╔══
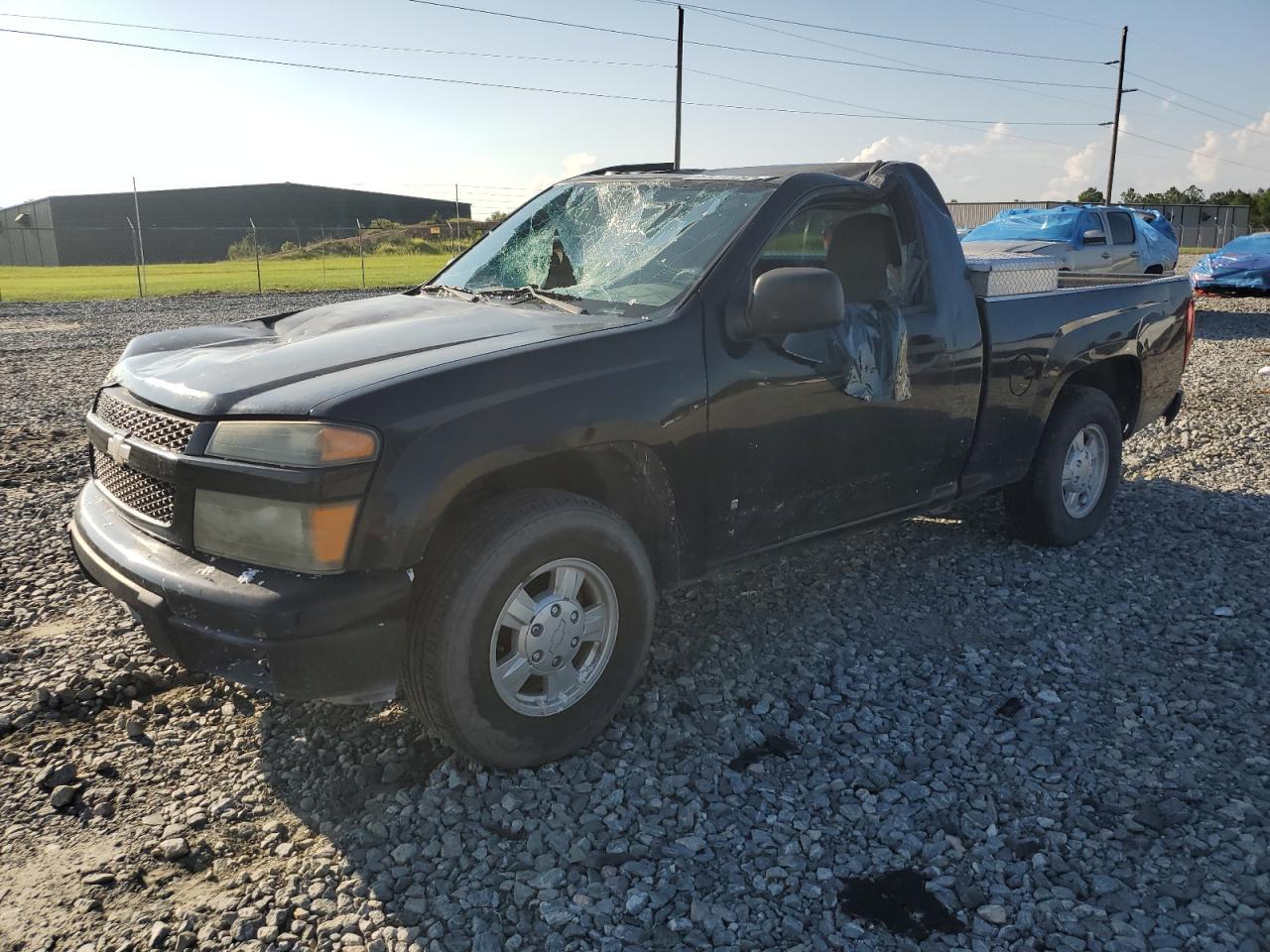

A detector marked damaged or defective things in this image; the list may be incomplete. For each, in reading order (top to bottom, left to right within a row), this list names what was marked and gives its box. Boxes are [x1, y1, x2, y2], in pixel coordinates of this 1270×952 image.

shattered windshield [435, 176, 774, 313]
broken window glass [437, 178, 774, 313]
crumpled hood [960, 236, 1072, 254]
crumpled hood [114, 294, 631, 416]
second damaged vehicle [69, 158, 1191, 766]
damaged truck cab [71, 160, 1191, 770]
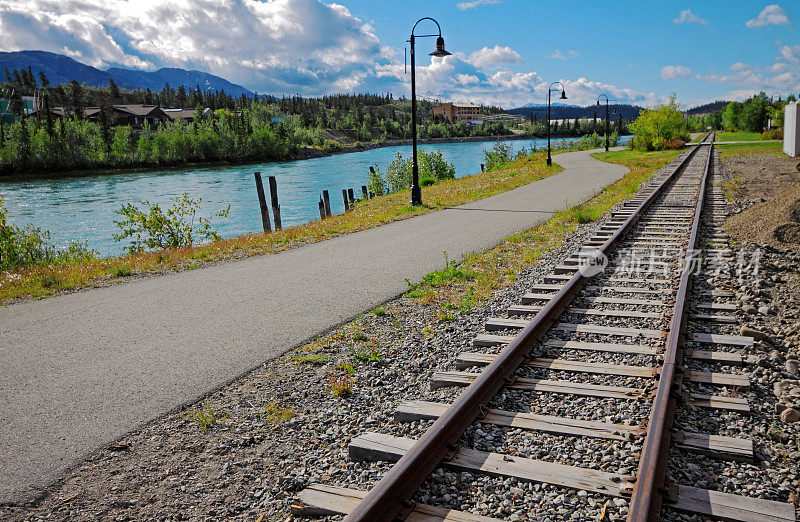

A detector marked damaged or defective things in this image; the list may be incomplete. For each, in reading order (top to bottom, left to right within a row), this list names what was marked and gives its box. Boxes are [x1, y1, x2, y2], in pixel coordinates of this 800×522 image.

rusty railway track [290, 134, 792, 520]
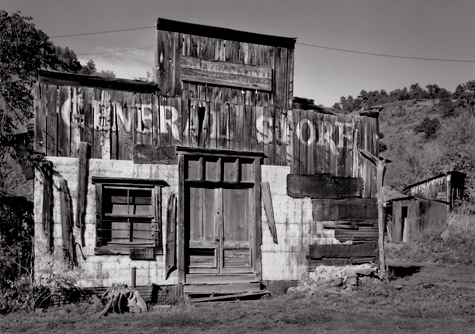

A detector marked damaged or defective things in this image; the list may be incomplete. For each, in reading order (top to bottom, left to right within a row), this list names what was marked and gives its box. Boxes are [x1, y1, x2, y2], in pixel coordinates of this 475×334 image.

peeling paint wall [33, 158, 178, 288]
╚══
▶ [Aim of the exercise] Transcribe the data completely. No pictures should appear in the transcription.

▶ [Exercise response]
A detector marked damaged or defective things in this image; the list may be incomplete. For each, in reading order (top to bottom, left to right within a row), this list names what was marked and gives its box. Boxes are [x1, y1, x2, y2], in pixel coordinates of this 1270×952 image.

shattered windshield [435, 176, 774, 313]
broken window glass [437, 178, 774, 313]
crumpled hood [960, 236, 1072, 254]
crumpled hood [114, 294, 631, 416]
second damaged vehicle [69, 158, 1191, 766]
damaged truck cab [71, 160, 1191, 770]

A detector marked damaged or defective things in this image; the list may be incomplete. For each, in reading order (top to bottom, left to right within a row), this list names what was marked and gives its box. Boxes are [x1, y1, x2, y2], in pixel coordinates of this 800×522 image.

rusty railway track [290, 134, 792, 520]

A detector marked damaged or defective things in this image; the list may be incomplete. For each, in reading order (top to bottom, left to right within a row), this list names what was marked and gives its box. Boxes are [x1, y1, x2, y2], in pixel coordinates of this 475×334 image.

peeling paint wall [33, 158, 178, 288]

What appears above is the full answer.